Kali pertama kita bertemu Claire, ia mengenakan gaun merah dengan kain yang melambai-lambai tertiup angin. Anggun sekaligus agung. Mia Goth juga memerankan karakter lain, yakni tunangan William, Elizabeth Harlander, dan kostum-kostum buatan Kate Hawley lainnya turut memancarkan kemewahan elegan kala ia kenakan. Desain produksi yang menghidupkan dunia para bangsawan dari abad-19 dengan segala benda seni klasiknya, pula musik beraroma dongeng kelam gubahan Alexandre Desplat, menyempurnakan Frankenstein sebagai pengalaman audiovisual kelas satu. 

Di permukaan, Frankenstein sejatinya terasa familiar, mengingat kisah seputar makhluk hidup yang eksistensinya disalahartikan sudah berkali-kali diangkat oleh del Toro.

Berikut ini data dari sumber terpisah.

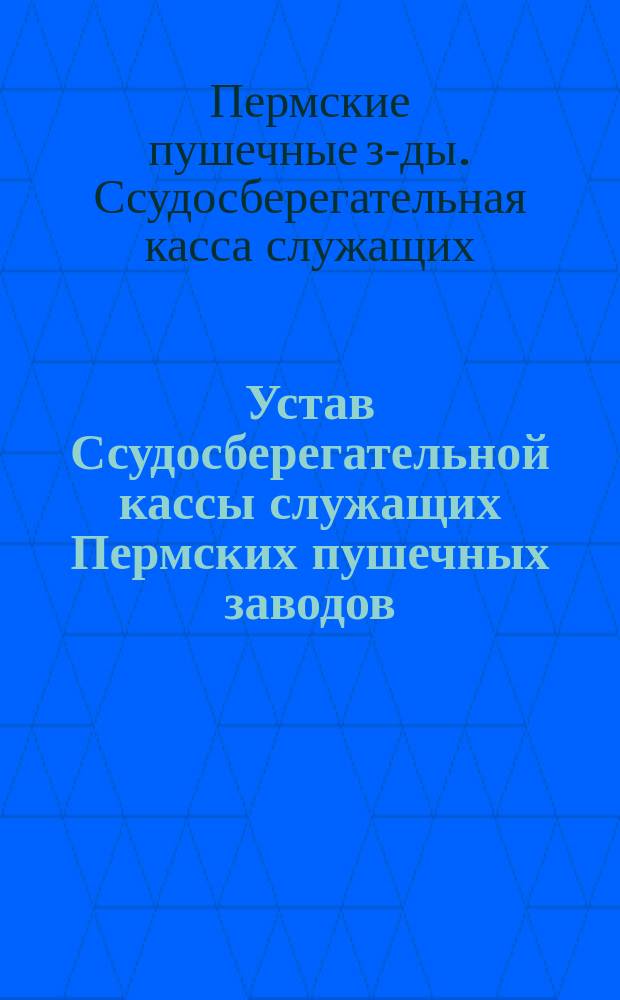 Устав Ссудосберегательной кассы служащих Пермских пушечных заводов : Утв. 11 нояб. 1857 г.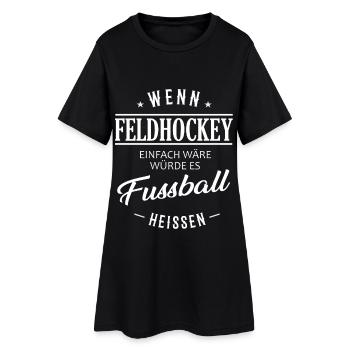 Wenn Feldhockey einfach wäre - Frauen T-Shirt-Kleid - Schwarz - Vorne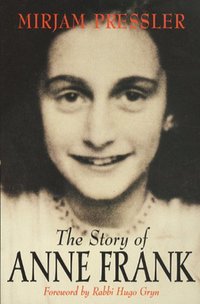 Book Cover for The Story of Anne Frank by Mirjam Pressler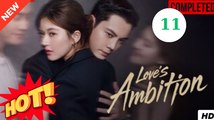 HOT @ Love's Ambition Episode 11 Engsub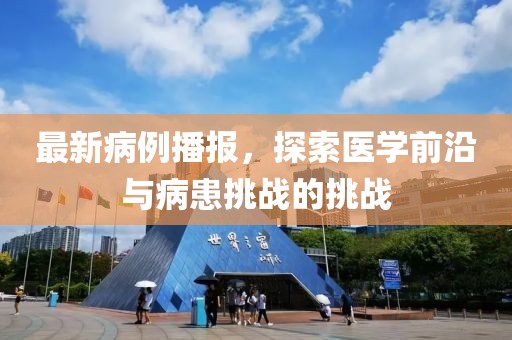 最新病例播报，探索医学前沿与病患挑战的挑战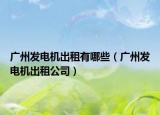 广州发电机出租有哪些（广州发电机出租公司）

Keunikannya baru muncul begitu kita mengupas kulit luarnya. Novel karya Mary Shelley dikembangkan, tidak lagi (hanya) soal menampik prasangka, pula membicarakan dinamika ayah dan anak.

Karakter Victor Frankenstein si "ilmuwan gila" ditelaah lebih lanjut. Psikisnya dibedah, untuk memperlihatkan dampak dari absennya cinta ayah bagi seorang anak. Victor membenci ayahnya, namun tanpa sadar mewarisi pola asuh kejamnya, kemudian menularkan luka, serupa dengan yang ia alami semasa kecil kepada The Creature selaku "putranya". Trauma lintas generasi pun terjadi, yang membuat si anak acap kali mengutuk kelahirannya di dunia. 

Guillermo del Toro menggerakkan alur dalam tempo yang mengutamakan sensitivitas, membiarkan penonton mengamati luka tiap karakter, terutama The Creature yang membawa Jacob Elordi bertransformasi, baik dari segi fisik maupun psikis. 

Melalui naskahnya, del Toro mengemas film ini bak kesusastraan klasik yang jadi sumber adaptasinya, membuat jajaran karakternya bertutur serupa pujangga yang menumpahkan kata-kata puitis semudah bernapas. "I will be the eagle that feast on your liver" (referensi ke hikayat Prometheus) atau "In seeking life I created death" jadi beberapa contoh. Diiringi untaian kalimat indah tersebut, dua protagonisnya melakoni perjalanan eksistensial untuk berdamai dengan dosa orang terkasih, juga dengan ketidaksempurnaan diri sendiri.